Bundled wraps, plastic sheets, thick coats—it’s not just layering that’s dominating Fall/Winter 2018 collections, but a clear need for safety and comfort in times of uncertainty.
Has the world evolved into a dystopian nightmare? With climate change ravaging the environment, unbearable conditions are transforming the way we live. The gap between the rich and the poor is widening as the middle class disappears not just in the United States, but across the globe. Mass shootings are the norm in the United States, with an average of one occurring every other month and countless lives lost due to senseless violence. In the past few months, the #metoo movement highlighted the fact that most women have been subjected to traumatizing sexual harassment and abuse.

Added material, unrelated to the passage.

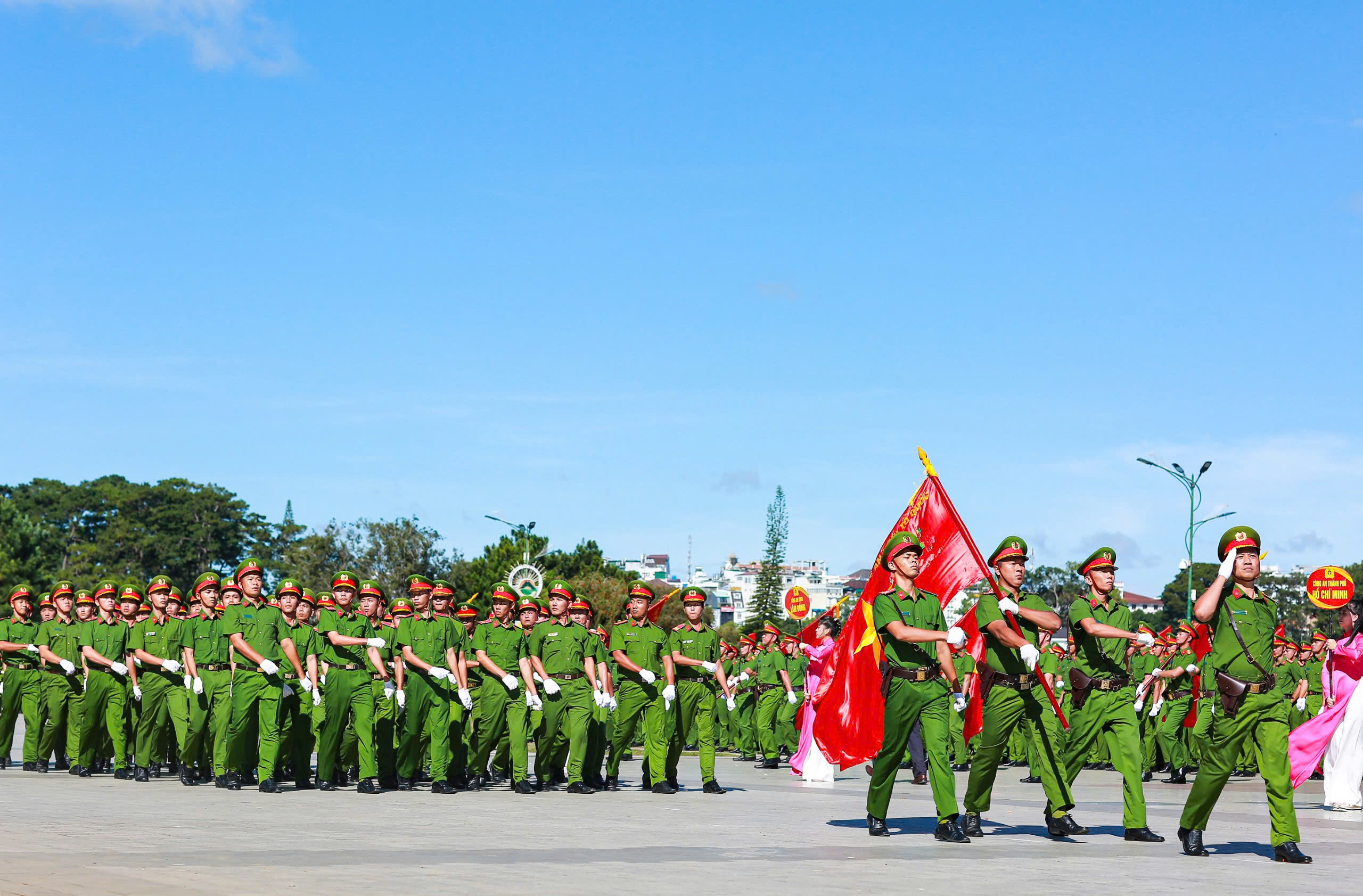 Hàng ngàn người đến xem công an biểu diễn võ thuật, kỹ năng phòng chống tội phạm- Ảnh 2.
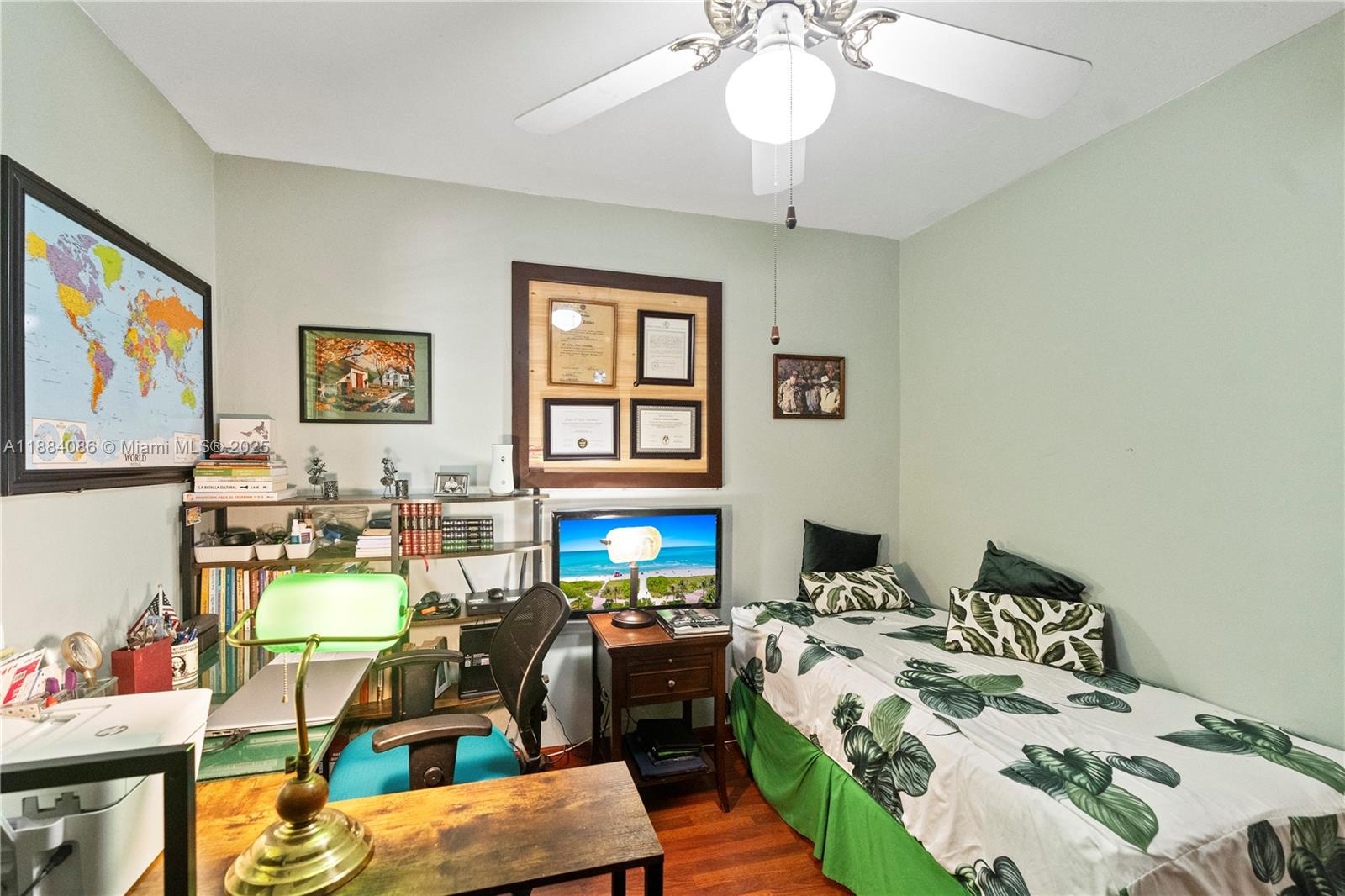 CUTLER RIDGE PINES - Residential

The list could go on and on, touching on subjects like racism, human trafficking, and more, but the harsh reality is that the world is far from the ideal we want, and fashion designers have responded by incorporating a protective shield in their collections—a response to the primal need to feel safe—into their Fall/Winter 2018 collections.
For some designers, this has meant a warm and cozy shell to provide a sense of comfort in a time of distress. At Jil Sander, Lucie and Luke Meier responded to all the negativity in the news by portraying their ideal future—one that is positive and feels good‚ through comfortable fabrics like fleece and wool, using silhouettes that encase their wearers in cozy cocoons of warmth.

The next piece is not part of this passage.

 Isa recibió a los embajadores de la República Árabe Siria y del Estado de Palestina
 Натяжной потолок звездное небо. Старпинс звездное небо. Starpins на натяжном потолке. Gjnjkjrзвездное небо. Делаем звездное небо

Miuccia Prada went the utilitarian route with her fall collection, using padded rainwear made from the label’s signature Pocono nylon. “My dream is for women to be able to go out in the street and not be afraid,” Prada told Vogue. “I wanted to have the freedom exaggerated.” In a way, the durable materials she could be an armor from the predators of the street who see women as prey.
Jonathan Anderson made a similar approach at Loewe when he deployed an array of coats in leather and shearling. While Raf Simons used mylar—a synthetic material that not only protects, but also insulates—on his dresses, gloves, and gilets. Simons, like Prada, chose the utilitarian route, adding reflective tape to trim jackets that resembled those worn by emergency workers. Simons referenced Safe, the Todd Haynes film from 1995, where Julianne Moore suffers from an illness of an unknown vector. Here again, the urge to keep a woman who wears his clothes protected.
Elsewhere, designers used plastic as their protective shield, a non-biodegradable material that while not environmentally friendly, is waterproof and keeps the elements—a metaphor for the problems of the world—out. At Maison Margiela, John Galliano covered his models in enormous, bulky parkas, to keep out the cold, and perhaps, the harsh world that surrounds us. He also covered looks in transparent plastic trenches or hoods to guard the delicate fringe underneath from damage. This waterproof layering also showed up in the form of a transparent poncho lined with red piping at Each x Other and a clear plastic skirt at Balmain.
The need to protect was extended by several labels by offering money to charities. Lacoste’s desire to save the environment is being animated through its latest capsule collection. The brand is replacing its iconic crocodile logo with green endangered species like the vaquita, the Javan rhinoceros, and the California condor for a capsule collection where proceeds will go to a conservation charity. On the heels of the tragic school shooting in Parkland, Florida, Gucci recently announced a donation of $500,000 to March for Our Lives. Balenciaga paraded a sweatshirt with the World Food Programme logo on it with plans to donate a percentage of sales to the organization.
Fashion is often a reflection of the world in which we live, and the fact of the matter is that in such precarious times, the world needs both comfort and protection—primarily from ourselves. After all, human nature caused the environmental and societal woes that brought us to this very point in time in the first place. Although the human race is, indeed, selfish in many ways, it also has the power to be selfless—the very behavior that can be a catalyst for meaningful change.